We cannot afford to be complacent or ignorant, and neither can we afford the luxury of despair.

Put your hope into action, one day at a time.  I truly believe that the bridge of hope we build together can take us over these dangerous times, into a future bright with promise.

Leave a comment


  1. Kathy Westra

     /  February 20, 2014

    Thanks for this lovely piece, Jennifer. A year after the tragic events of September 11, 2001, I attended a lecture by author Barbara Kingsolver at the Smithsonian. In response to her expressions of hope for living more sustainably, a member of the audience asked how she could be hopeful in such times. Ms. Kingsolver’s answer is one I’ve never forgotten. She said: “Hope is not an emotion. It’s a discipline. And every morning I put on hope with my shoes.” So may we all.

    • Jennifer Browdy de Hernandez

       /  February 20, 2014

      So must we all, Kathy! Thanks for the reminder about discipline. I also always remember something I heard Kaethe Weingarten say, although she may have been quoting someone else: Hope is a verb, it’s something we do, not something we have. And hope is best done with others. I will not give up hope–we’re not ready for that, not by a long shot!
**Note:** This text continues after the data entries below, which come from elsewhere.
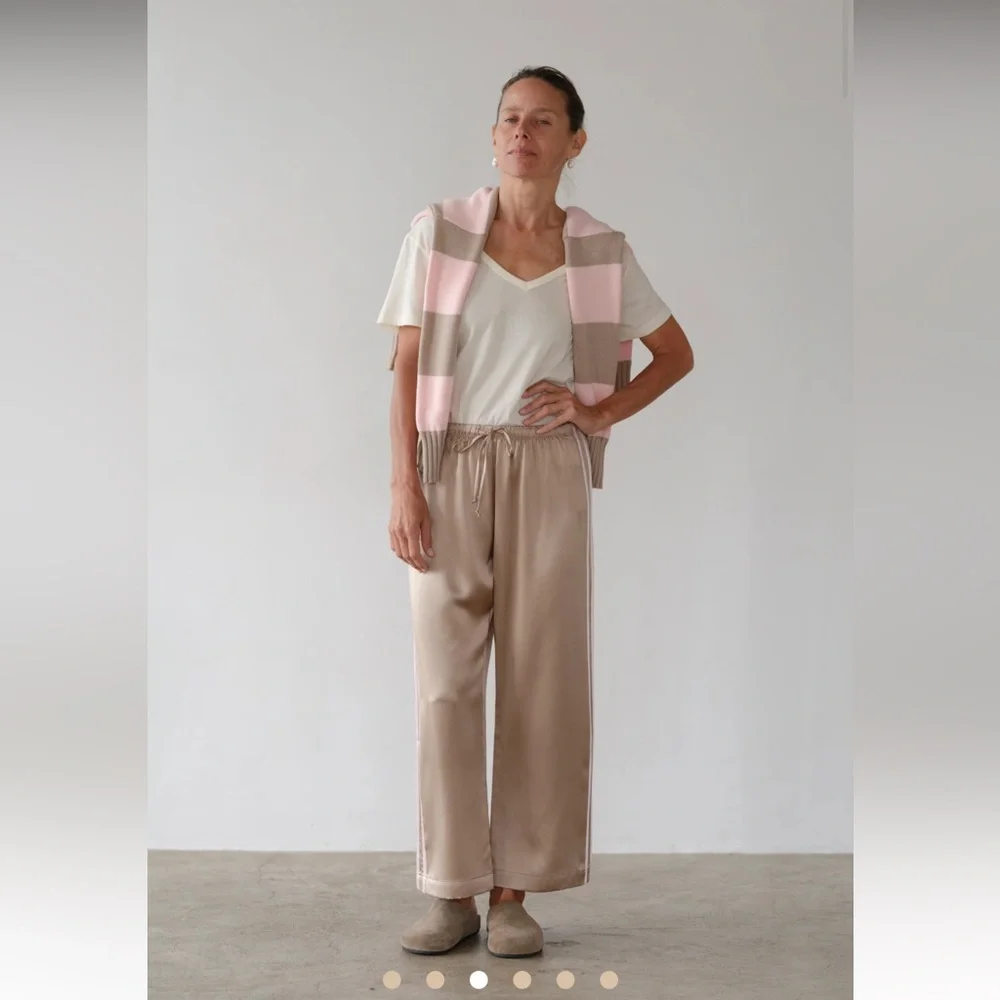 DONNI The Silk Stripe Crop Pant - Picture 1 of 5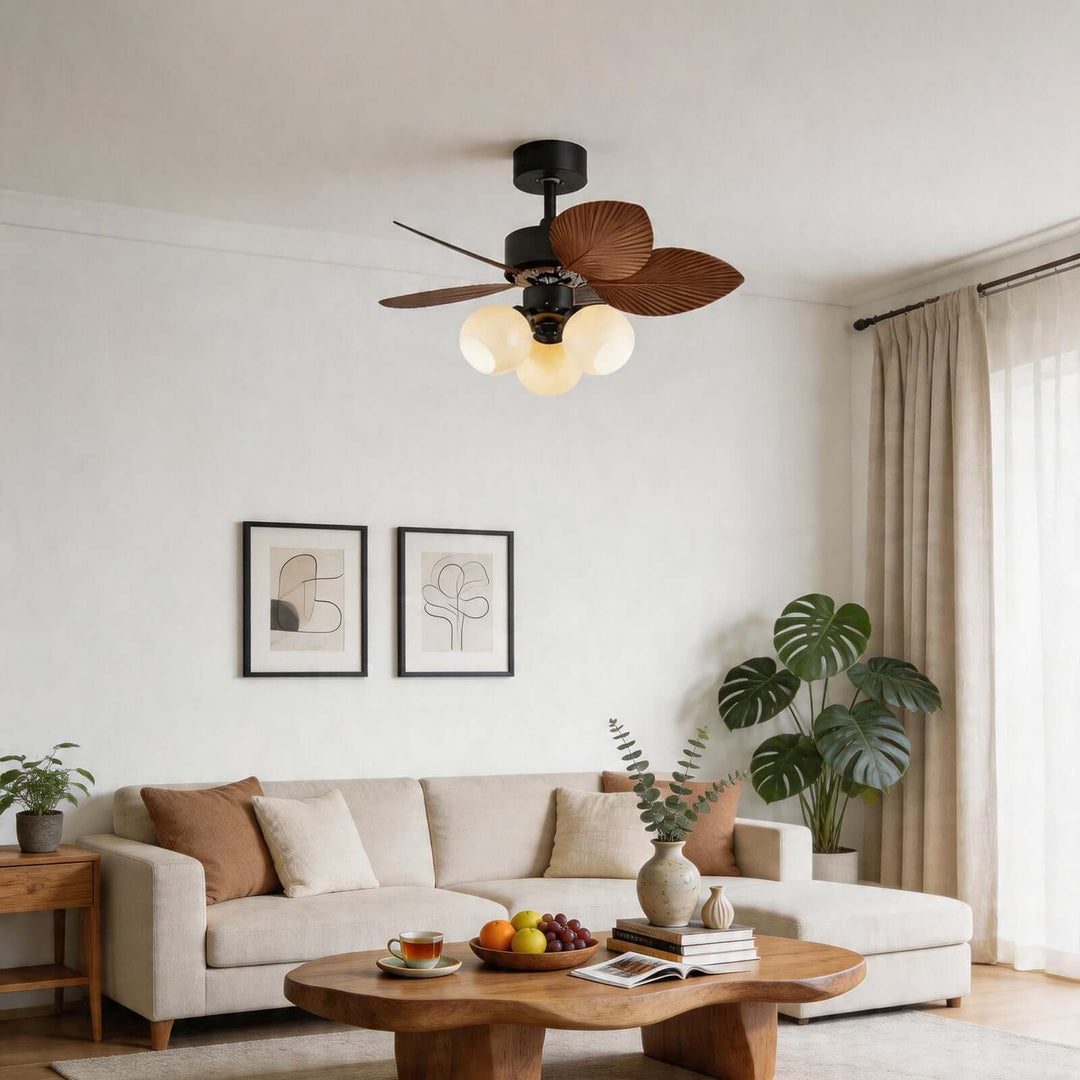 Zevora Ceiling Fan Light B | American Retro Glass Light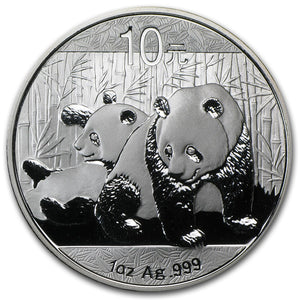 China 2010 Panda 1oz Silver Coin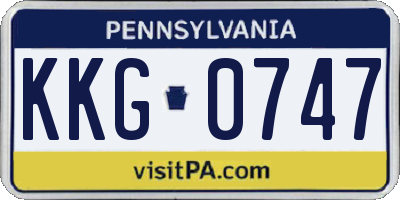 PA license plate KKG0747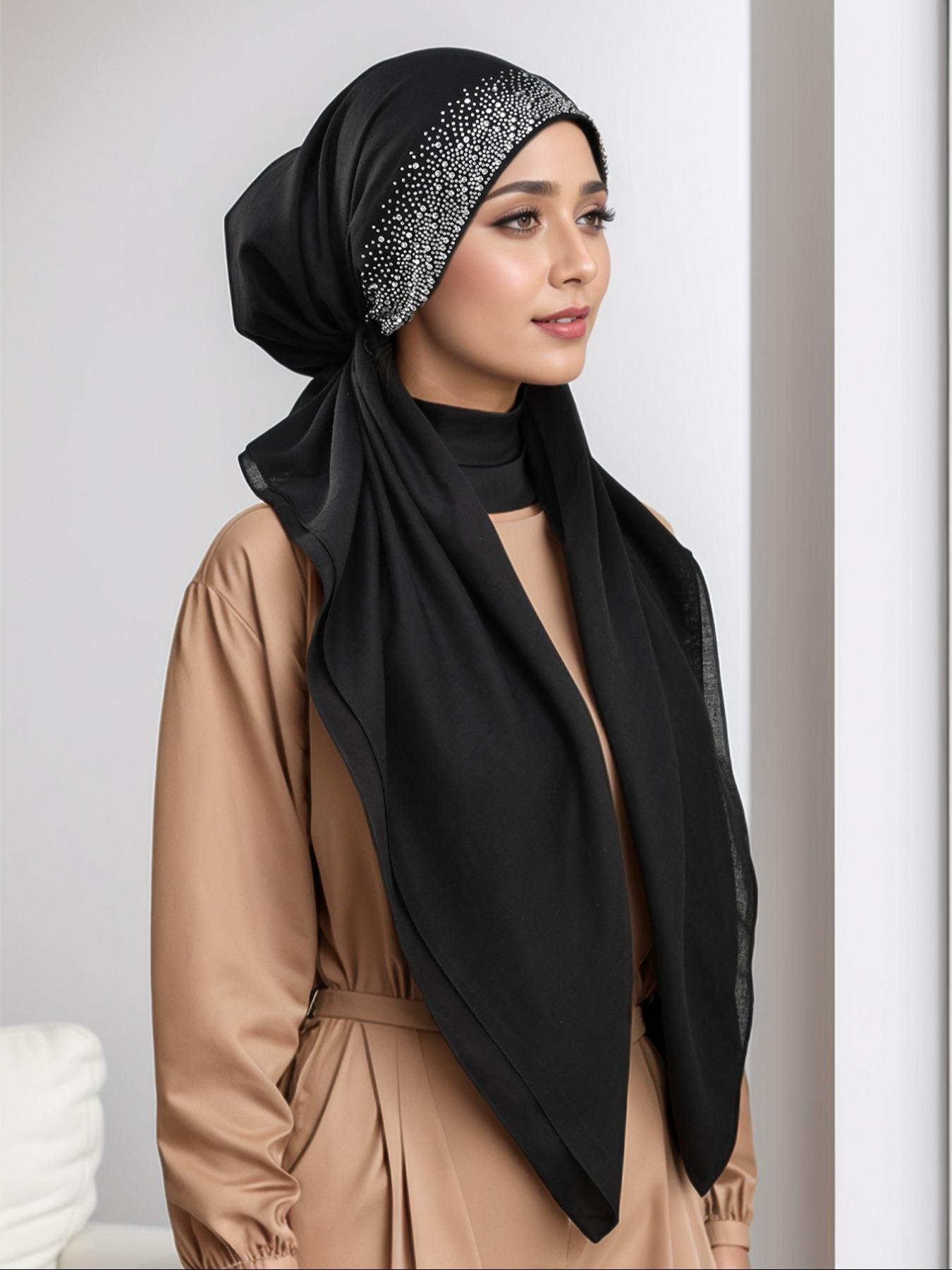 Women's Solid Color Rhinestone Decor Instant Hijab, Modest Fashion Breathable Hijab for Daily Wear, Women's Islamic Accessory for All Seasons, Turban Style Hijab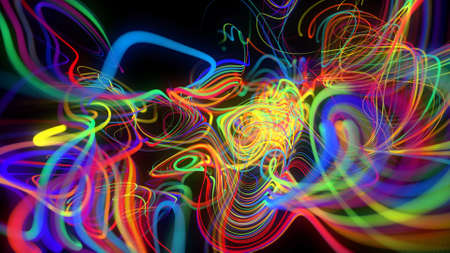 Abstract background glow lines or light streaks. Running lights particles form in 3d space glowing...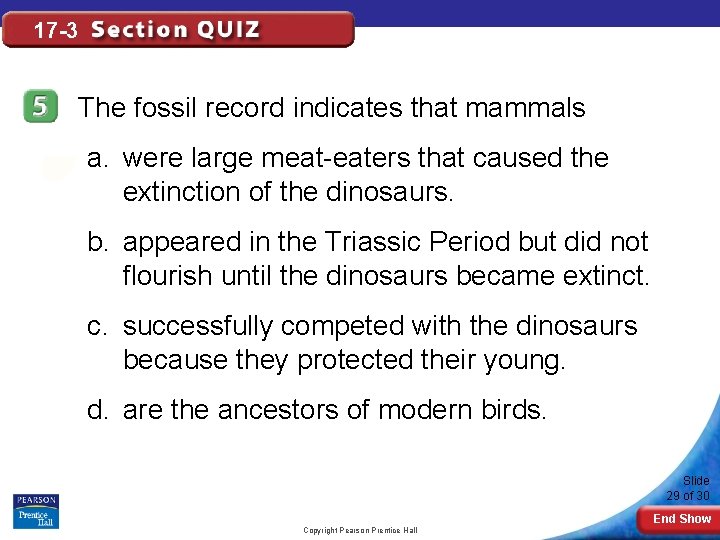 17 -3 The fossil record indicates that mammals a. were large meat-eaters that caused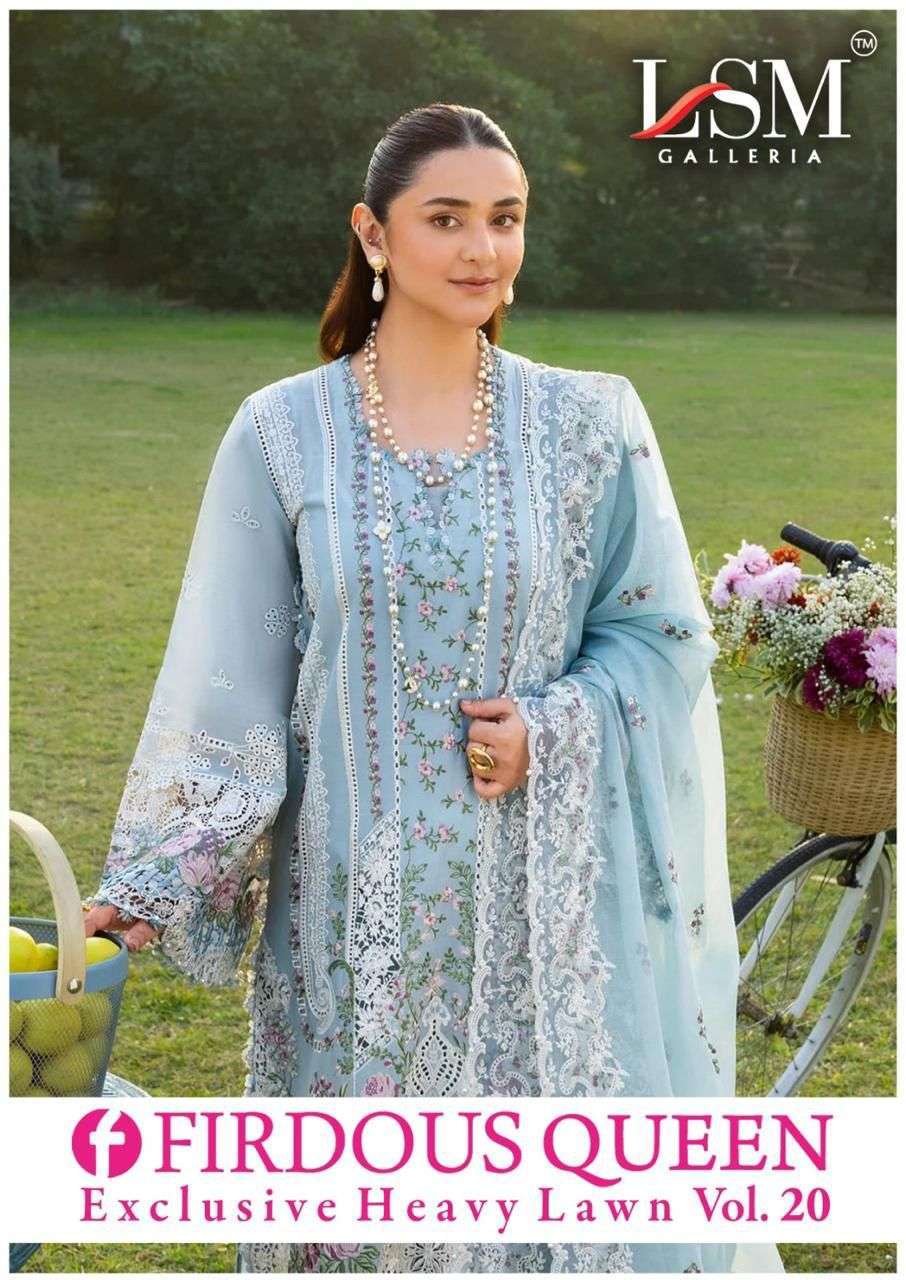 LSM GALLERIA FIRDOUS QUEEN VOL- 20 HEAVY LAWN PRINTED PAKISTANI DRESS MATERIAL SUPPLIER 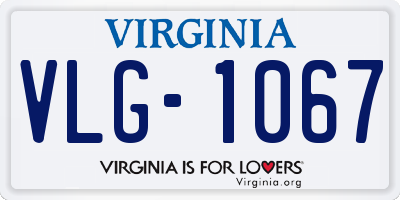 VA license plate VLG1067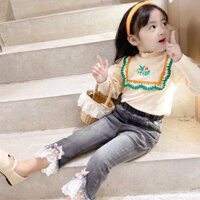 áo thun tay dài cổ lọ bèo xanh phong cách Hàn Quốc cho bé gái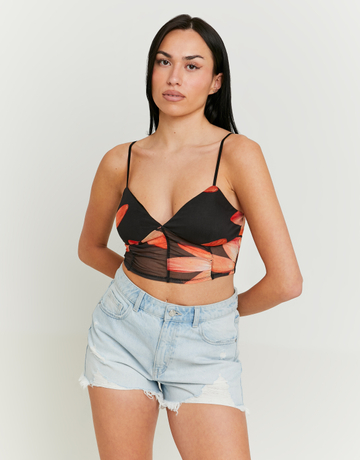 Mesh Crop Top Floral | TALLY WEiJL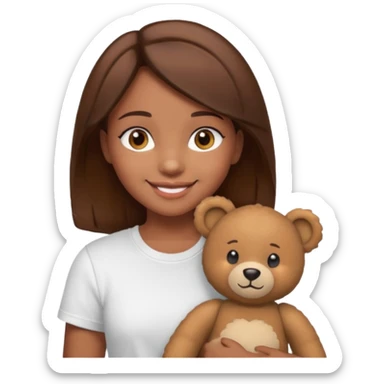 A Girl with Brown hair and Brown eyes with a t-shirt White. The t-shirt have dels a Teddy bear sticker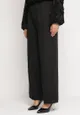 Czarne Eleganckie Spodnie z Szerokimi Nogawkami Kahinuni
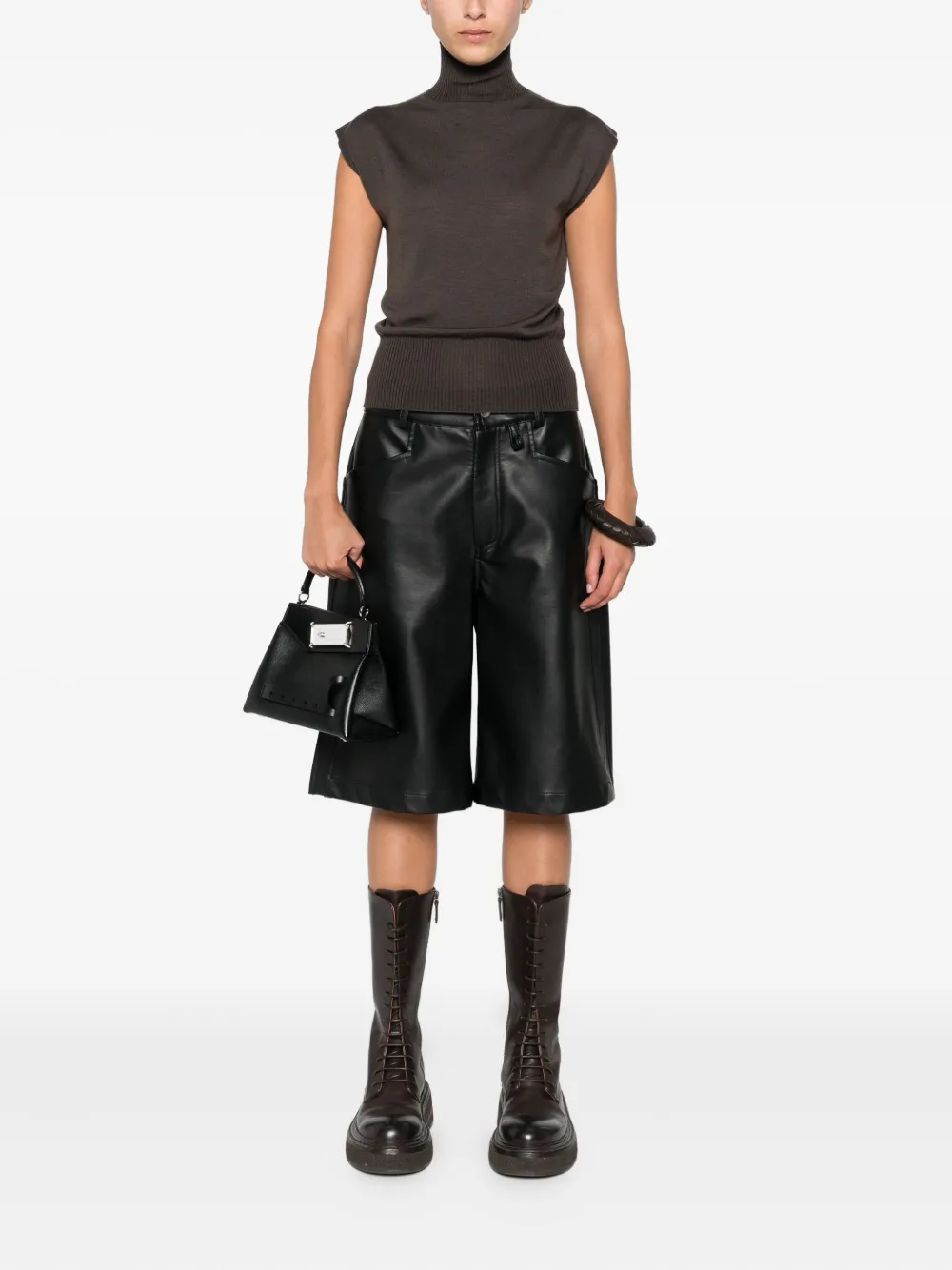Rick Owens Wool Knitted Top In Brown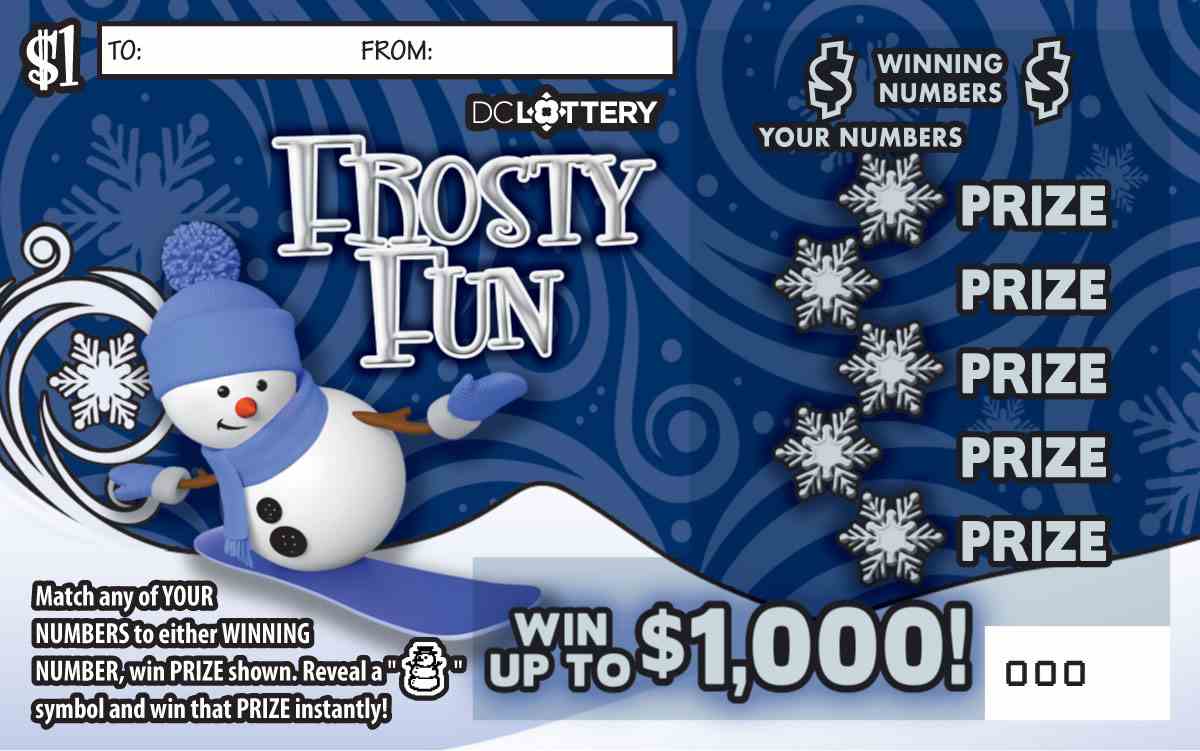 Frosty Fun scratchcard - game number #1640 - front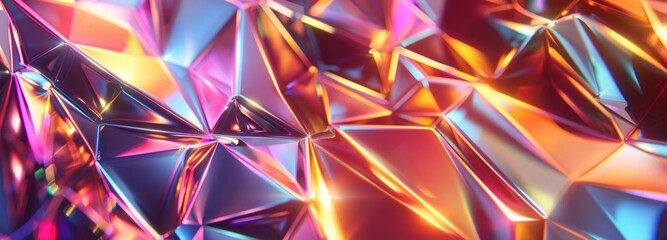 Vibrant metallic geometric shapes with reflective surfaces in a colorful abstract background. - obrazy, fototapety, plakaty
Indeed, the fight to renew and repair our relationship with the planet is just getting going! Now is the time when our disciplined hope is needed, more than ever.

  2. I too get hope from the tens of thousands of grass roots communities throughout the world that are taking the salvation of our planet, and themselves, into their own creative hands. Here is a link to a piece I wrote for New Mexico Mercury, on one such project in El Salvador:
    This amazing community is also interesting because it was founded and is run by ex revolutionaries and ex National Guardsmen working together to build a future for their children.

    • Jennifer Browdy de Hernandez

       /  February 21, 2014

      Thank you Margaret for sharing this–it is exactly the kind of story that gives my hope wings. Sometimes I wonder if there is a media conspiracy going on to only share all the wars, disasters and gloomy news in the world–from the BBC to NPR to CNN, that’s what the focus is way too much of the time, and it gives us a seriously skewed and depressive view of the world, leading to despair, apathy and inaction. I find that whenever I stop listening to the “official story” for a while (i.e., take a media holiday), my spirits rebound. And I try to pay attention to the few media outlets that do focus on positive stories, for instance Yes Magazine ( I am trying in my blog to hold the positive energy, while of course not losing my awareness of the urgency and seriousness of our times.

  3. Hi all,
    Wonderful comments with much to think about. I am trying also to keep hope alive. When I write about a terrible future that awaits us if we don’t take action now, I also write about the incredible privilege of being here to be part of the solution at this very moment in human history. Knowing the problems does not have to mean embracing them. We can know and we can act with hope in our hearts and our minds. Despair does not create change.
    In the sequel to my book, both futures exist – the one we will have if we don’t come together and collaborate to solve our environmental problems and the one we will have if we do.
    I believe they are both possibilities.